This is a post I originally put up on 15/03/2014 but it still rings true today. As we begin a brand new chapter in the story of Nigeria with a brand new president, why don’t we take the opportunity to begin a brand new chapter in what it means to be Nigerian.
I once heard a preacher say that in a marriage, you should never wonder if your partner is cheating because it is none of your business, instead of spending time worrying about what they might be doing, you should spend your time on being the best partner you can be, do your part and do it well. Because the fact is that, if you keep wondering about it, whether or not they’re doing it, you’ll start to react sort of negatively towards them eventually.
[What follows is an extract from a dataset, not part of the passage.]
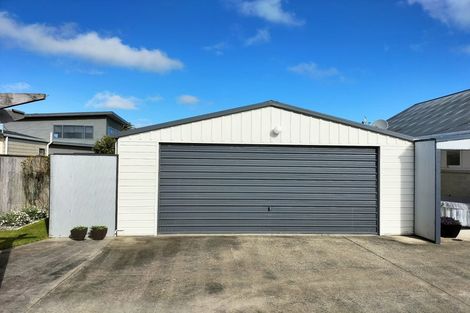 Photo of property in 27 Seabury Avenue, Foxton Beach, Foxton, 4815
I think this can be applied to Nigerians, a friend once told me that Nigeria was not meant to be one country and it is simply an invention, but whatever the case, we are one now and it is up to us to make it work. This can only happen when we stop suspecting the next person of something just because they’re of a different tribe, when we stop assuming that just because we don’t speak the same language, they won’t be nice to us. Many of us have never actually experienced these things, we just work off of the stories and insinuations we’ve heard over and over. Let’s simply work on being the best version of us we can be.
Just like in all human interaction, be kind. Always.
In a class a few days ago, the teacher asks, “of the 3 major ethnic groups in Nigeria, which one has the highest percentage in Abuja?”… an argument starts among the Nigerians in class, the arguments ranged from, “Abuja does not belong to anybody” to “it depends on which part of Abuja you go to”
In another class, the teacher asks us to each select an on-going violent conflict to write a research paper on, and one Nigerian boy asks if he can write about Boko-Haram in Nigeria but the teacher says no, you cannot write about a conflict going on in an area where you are from and this boy, with almost equal parts of pride and maybe, disgust in his tone and body language responds “I’m not from there, I’m from the South of Nigeria”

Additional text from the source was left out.